What to Look For in the Massachusetts Special Election

Results are soon pending in the special election to replace Senator Ted Kennedy. Once a guaranteed Democratic victory, the race has become surprisingly competitive due to a bad national environment and a lackluster campaign run by Democrat Martha Coakley. In fact, several polls have put Republican Scott Brown in the lead, striking panic amongst the Democratic establishment.

Interpreting incomplete results can be difficult if one is not familiar with how different areas in a state vote. Senator John McCain, for instance, led the vote in Virginia during much of election night; this was because deep-red rural Virginia reported first. After Democratic strongholds in Northern Virginia began posting, Barack Obama quickly pulled away (he ultimately won by 6.30%). Because Massachusetts is rarely competitive outside of gubernatorial elections, geographic unfamiliarity probably extends to even most politically active folk.
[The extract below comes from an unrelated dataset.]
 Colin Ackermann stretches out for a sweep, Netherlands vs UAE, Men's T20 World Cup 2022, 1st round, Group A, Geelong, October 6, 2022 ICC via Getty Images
I have therefore created a map indicating what a tied election would probably look like:

This map takes data from all statewide elections since 2004, derives the electoral lean of each county, and then averages these results to produce the picture. Here is the data by county (click the image to get a clearer shot):

Ironically, Republicans do better in the most populous counties – the opposite case for the nation in general. Republicans are strongest in the state’s suburbs; Scott Brown will need to win all of them to take the state (on the other hand, these wins need not be exceptionally large). On the other hand, Democrats do best in the city Boston and the more rural western reaches of the state.
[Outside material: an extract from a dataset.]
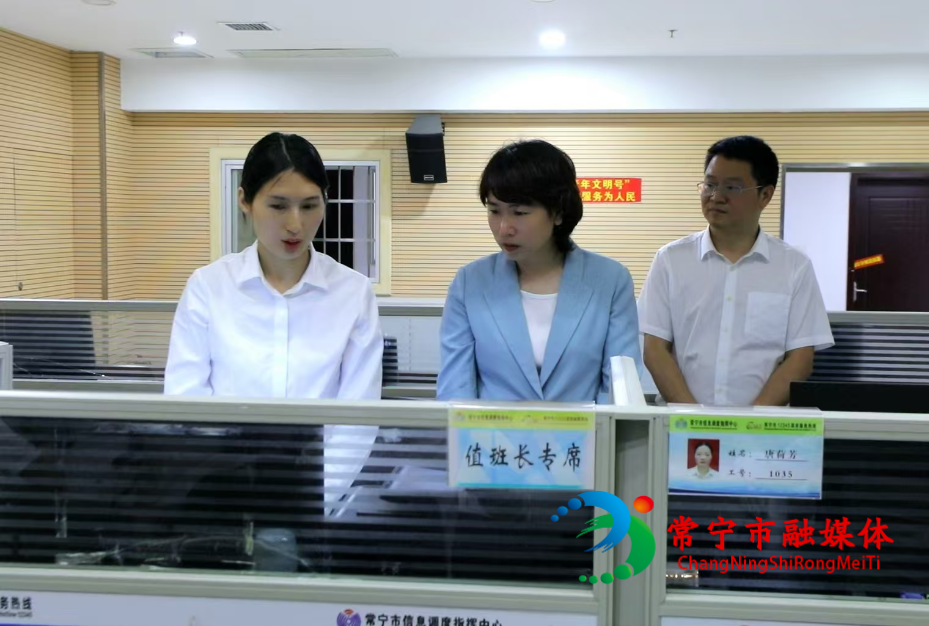 鄧艷紅調(diào)研1.jpg 鄧艷紅調(diào)研1.jpg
Thus on election day when the results start coming in, take a look at the above table and compare it to the actual performances each candidate is posting. Whichever candidate is generally outperforming the table will likely win the election. Finally, look at who is winning Hampden and Bristol counties – the two places that vote closest to the state as a whole. If Martha Coakley is winning them, expect a Democratic victory. If Scott Brown is, then a Republican shocker is in the works. If the two are split, it will a nail-biter that goes deep into the night. There have been not many of those lately.

Whatever the case, tomorrow Tuesday ought be an exciting day for politics buffs. There are not many races where the result has been so uncertain – where practically anything can happen and it would not be surprising for the polls to be completely off. It will be quite interesting to watch.